Nichts weist darauf hin, dass hinter diesen Mauern an der Zukunft des Onlinejournalismus herumgetüftelt wird. Es gibt noch nicht einmal ein eigenes Klingelschild. Die Krautreporter sind bei den Softwareentwicklern von Bitcrowd untergeschlüpft, hier in diesem Hinterhof in bester Hipster-Lage von Berlin-Neukölln. Das fehlende Klingelschild sei keine Absicht, versichert Sebastian Esser zur Begrüßung, der Mitgründer und Herausgeber des Onlinemagazins.

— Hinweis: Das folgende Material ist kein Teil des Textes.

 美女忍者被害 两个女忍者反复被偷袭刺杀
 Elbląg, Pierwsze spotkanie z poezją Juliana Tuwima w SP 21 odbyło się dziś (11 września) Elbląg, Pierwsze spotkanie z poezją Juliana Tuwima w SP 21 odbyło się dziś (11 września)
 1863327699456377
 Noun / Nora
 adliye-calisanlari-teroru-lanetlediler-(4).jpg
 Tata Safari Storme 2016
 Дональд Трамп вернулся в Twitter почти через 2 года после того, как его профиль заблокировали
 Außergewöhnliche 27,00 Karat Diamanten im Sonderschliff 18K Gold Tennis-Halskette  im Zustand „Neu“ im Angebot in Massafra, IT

Trotzdem hat man beim Besuch den Eindruck, dass die Redaktion nach dem ersten Hype während der Crowdfunding-Phase im Frühsommer heilfroh ist, endlich in Ruhe an ihrem Onlinemagazin arbeiten zu können. Aus der Deckung kommen müssen die Krautreporter noch früh genug.
Von diesem Freitag an sei die Seite "sehr wahrscheinlich für alle online", sagt Sebastian Esser in aller antrainierten Vorsicht, seit gut zehn Tagen sind die 17 585 Unterstützer eingeladen, Krautreporter auszuprobieren, Programmierfehler zu melden oder Verbesserungsvorschläge zu machen. Und auf die Mitglieder kommt es schließlich an bei diesem ehrgeizigen Projekt. "Für uns ist es superwichtig, dass die Leute das Gefühl haben, dass es sich lohnt, sich zu beteiligen", sagt Esser, "nur dann haben wir auf längere Sicht ein Geschäftsmodell."
Gut eine Million Euro wurden bis zum 7. Juli eingenommen, aktuellere Zahlen veröffentlichen die Krautreporter nicht. Damit ist der Betrieb für ein Jahr gesichert; ob Mitglieder darüber hinaus dabeibleiben und genügend neue hinzukommen, um Abgänge auszugleichen, ist offen. Die Grundstimmung gegenüber Krautreporter bewertet Esser als sehr positiv. "Der Vertrauensvorschuss ist da", sagt er, "wir dürfen den jetzt bloß nicht verspielen."
Slowfood-Journalismus
Rhetorisch haben die Krautreporter spürbar abgerüstet: Hatten sich einige der etwa 30 Autoren, mittlerweile erfreulicherweise um einige Autorinnen ergänzt, in einem Werbevideo zum Crowdfunding recht unsympathisch-breitbeinig präsentiert, ist diese Hybris beim Redaktionsbesuch nur noch als fernes Echo wahrnehmbar. "Ich würde gern das Missverständnis ausräumen, wir hielten uns für die Zukunft des Journalismus", sagt Esser. "Nicht nur, dass wir das niemals schaffen würden, wir versuchen es gar nicht erst." Lieber tiefstapeln als tief fallen. Krautreporter sei keine Alternative zu etablierten Tageszeitungen oder Magazinen, sondern ähnele eher "Liebhaber-Feinschmecker-Slow-Food-Journalismus".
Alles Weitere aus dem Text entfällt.